• Work to complete:
What is needed is an exact reproduction of the lines in the records below, starting at the line with "Рецепт: Свинина с" and ending at the line with "Ceramica la Chalchihuites", both included, and nothing else; pictures stay out.

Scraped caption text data
· · · · ·
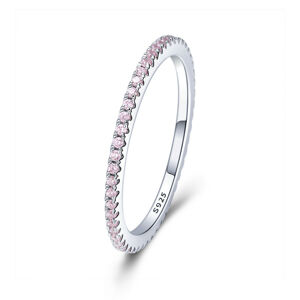 Royal Fashion prsten Třpytivá linie SCR066-J Velikost: 8 (EU: 57-58)
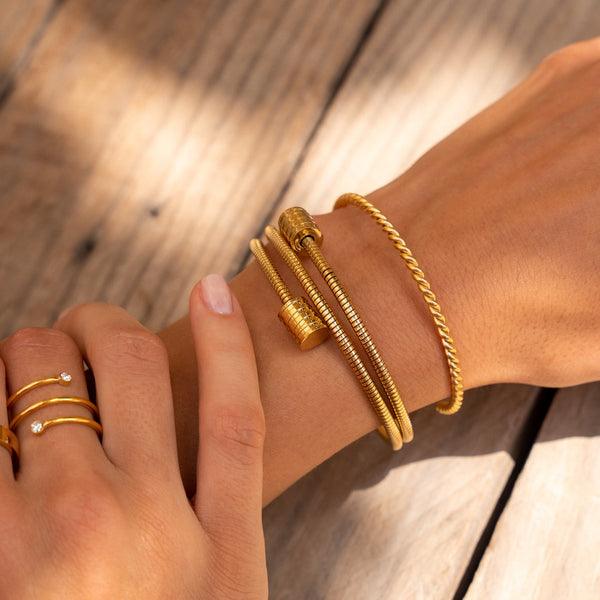 Orbit Spiral Bangle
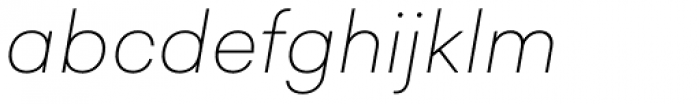 Celias Thin Italic Font LOWERCASE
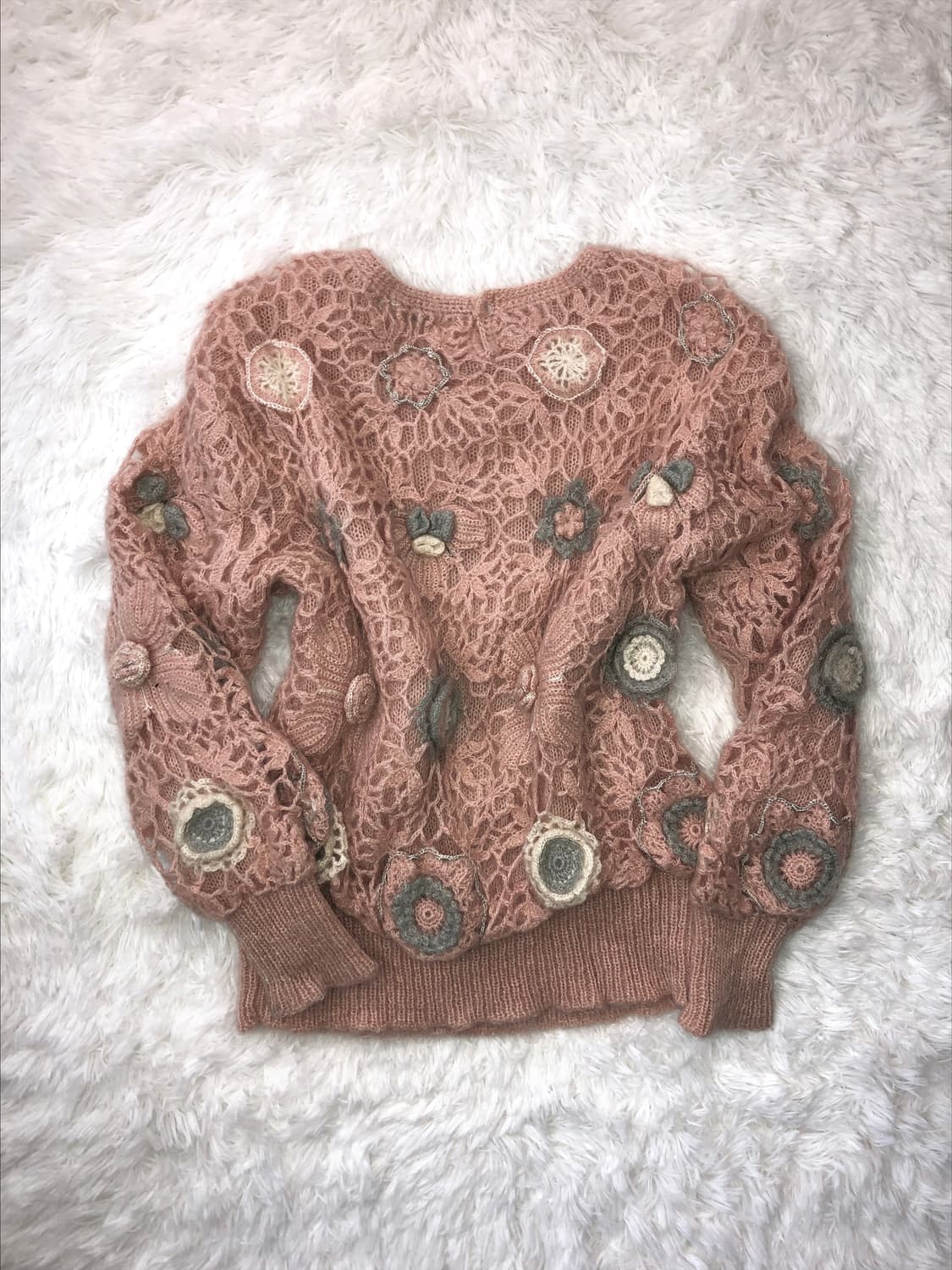 rose flower knit 상품이미지2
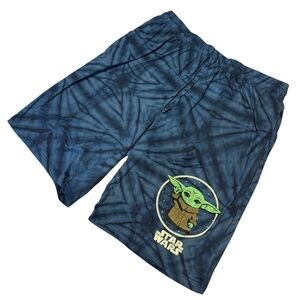 Star Wars Grogu Tie-Dye Jort Shorts w/ Pockets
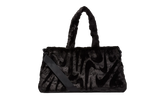 Sportswear Faux Fur Tote (10L) "Black / Black / Metallic Silver" FZ1323 010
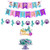 Mermaid Birthday Decorations Mermaid Party Supplies and Decorations Mermaid Happy Birthday Banner   Hanging Swirl   Mermaid Cake Topper Girl s Birthday Mermaid Theme Party Baby Shower Decorations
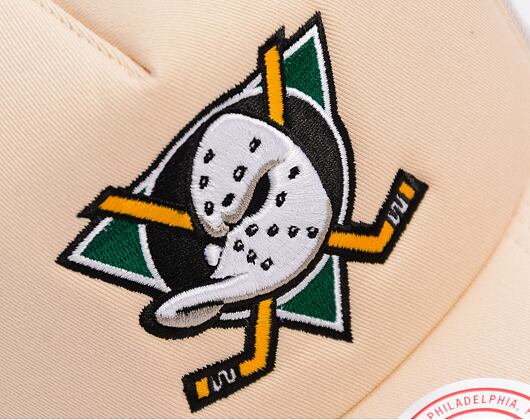 Kšiltovka Mitchell & Ness Evergreen Trucker Vintage - Anaheim Ducks - Off White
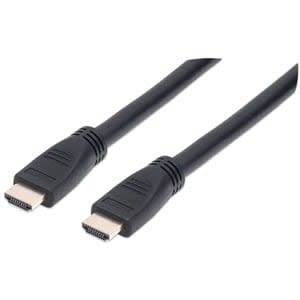 Manhattan Cable Hdmi 2.0 Intramuro M-M 10.0m - Cable For Tv, Dispositivo De Audio/Vídeo, Reproductor Blu-Ray, Pc, Consola De Juegos - 18gbit/S - Admite Hasta4096 X 2160 - Apantallado - Oro Contacto Chapado - 24 Awg - Negro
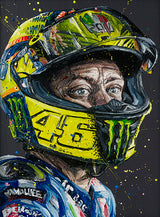 Rossi Helmet BY PAUL OZ (FORMULA 1 & MOTORSPORT)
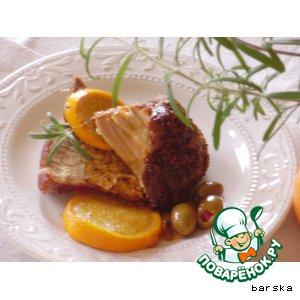 Рецепт: Свинина с апельсинами и оливками  "Мальорка"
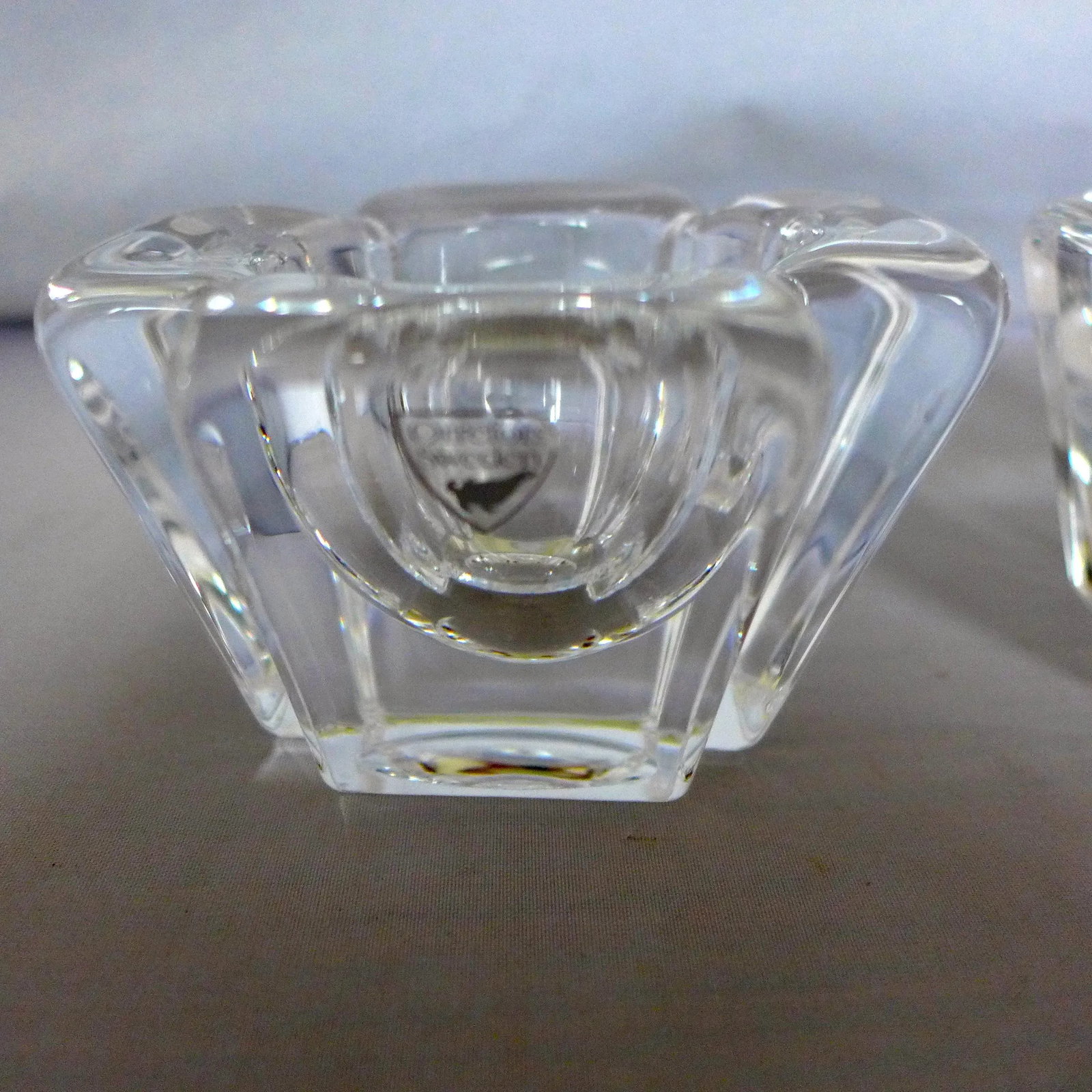 Orrefors Crystal Candleholders - Set of 2 - 3
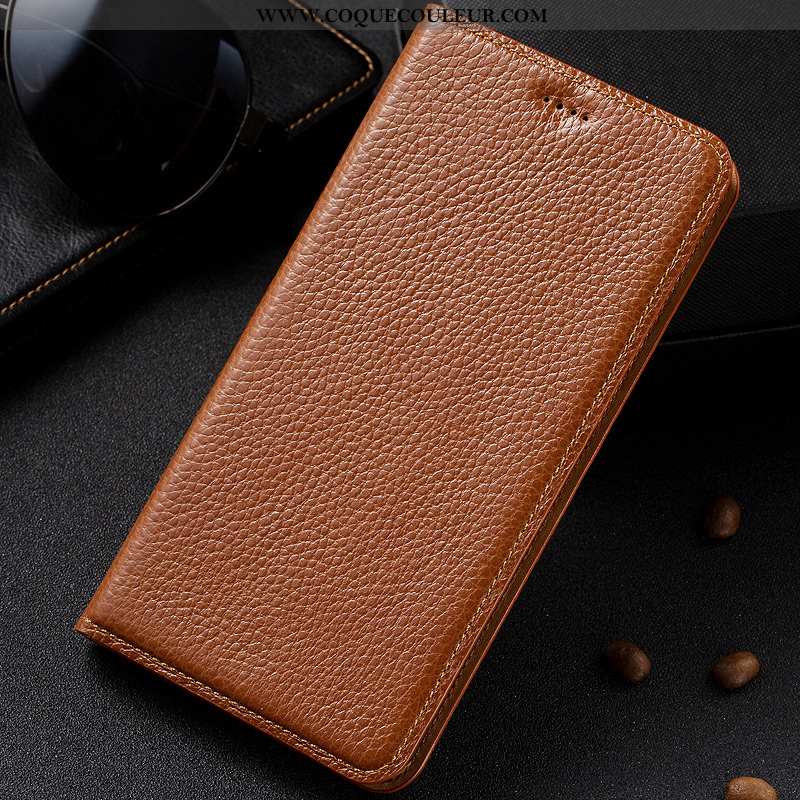 Étui Nokia 4.2 Modèle Fleurie Cuir Téléphone Portable, Coque Nokia 4.2 Protection Marron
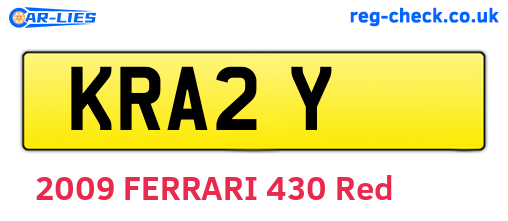 KRA2Y are the vehicle registration plates.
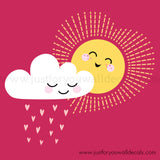 Sun and Cloud Wall Decal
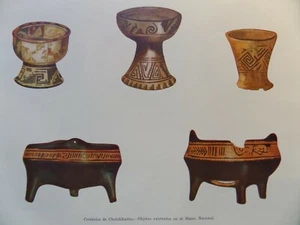Ceramica la Chalchihuites Zacatecas Pre-Colombian Polychrome Pottery Mexico 1928 - Picture 1 of 2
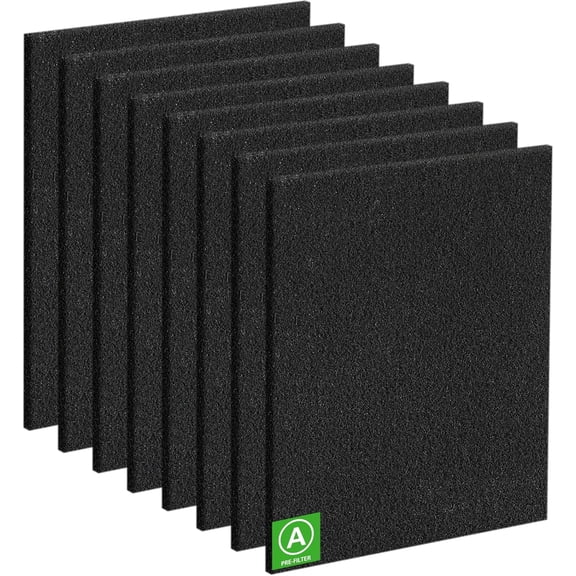 8 Pack HPA300 Pre Filter A, HRF-A300 Pre Kit Filter for Honeywell HPA300 Air Purifier, Precut Activated Carbon Prefilter for HPA300, HPA304, HPA3300, HPA5300, HPA8350 Series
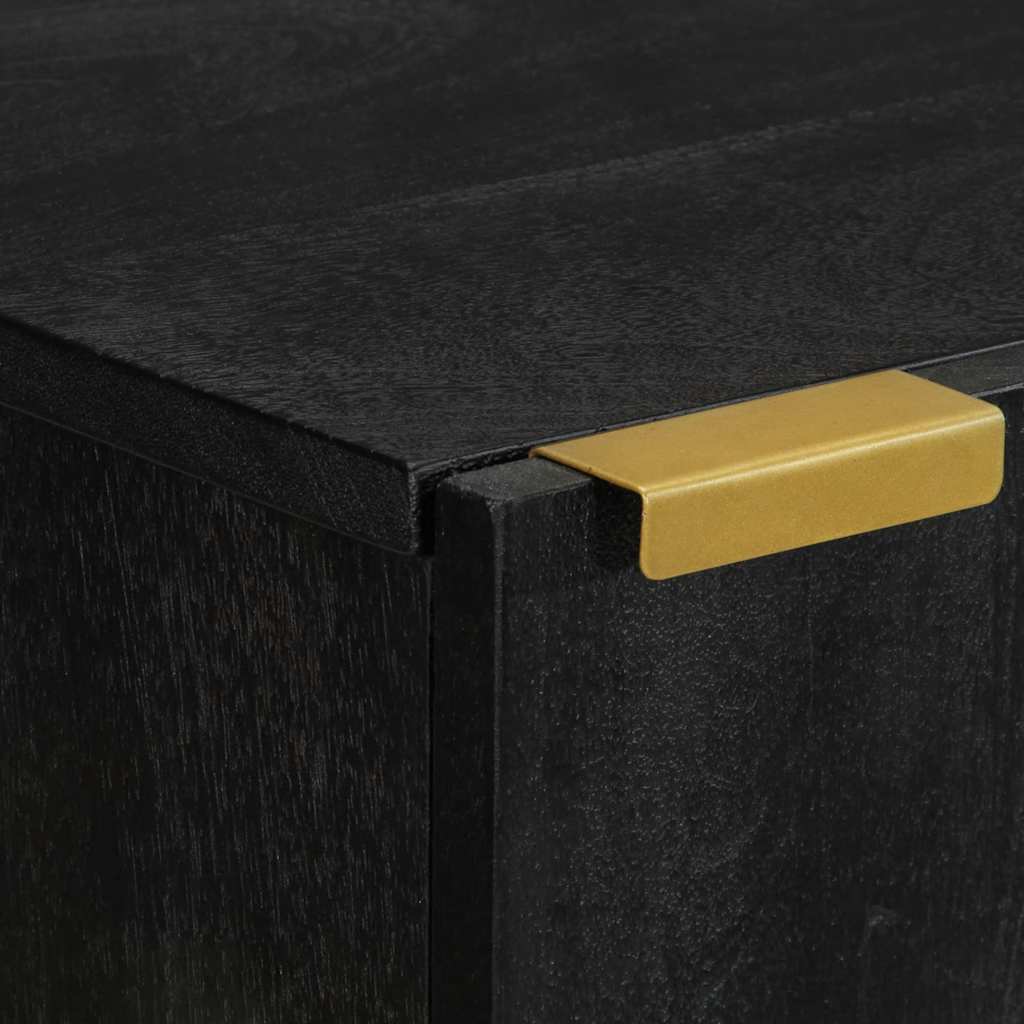 Mueble de pared Margarita con puerta negro 48x38x33 cm detalle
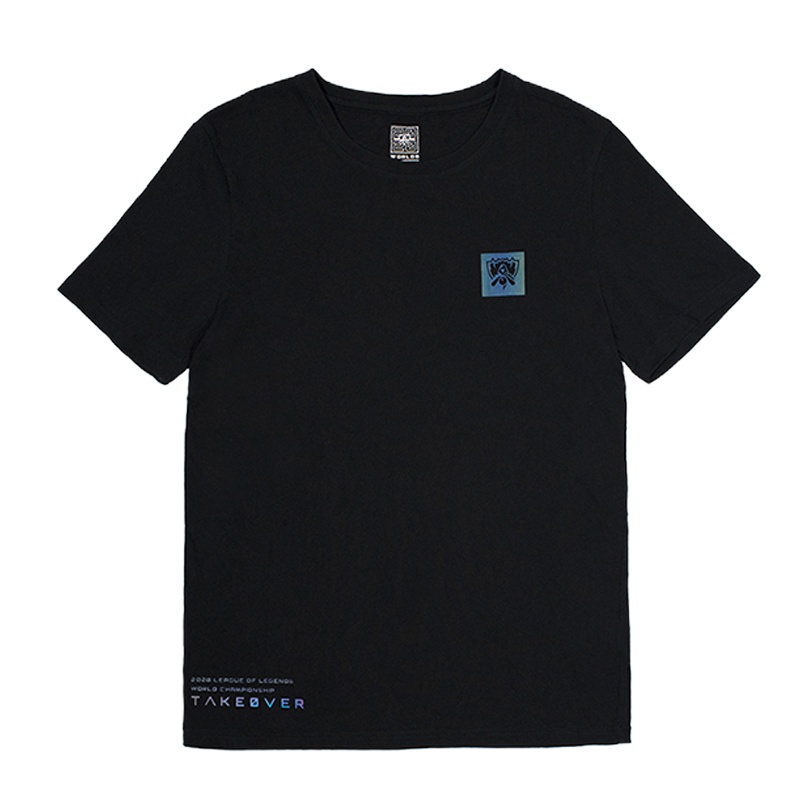 英雄联盟LOL 2020全球总决赛T恤 召唤师峡谷周边潮玩服饰 游戏周边 黑色 XL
· · · · ·
• Written response:
 Рецепт: Свинина с апельсинами и оливками  "Мальорка"
 Orrefors Crystal Candleholders - Set of 2 - 3
 Étui Nokia 4.2 Modèle Fleurie Cuir Téléphone Portable, Coque Nokia 4.2 Protection Marron
 KRA2Y are the vehicle registration plates.
 Sun and Cloud Wall Decal
Ceramica la Chalchihuites Zacatecas Pre-Colombian Polychrome Pottery Mexico 1928 - Picture 1 of 2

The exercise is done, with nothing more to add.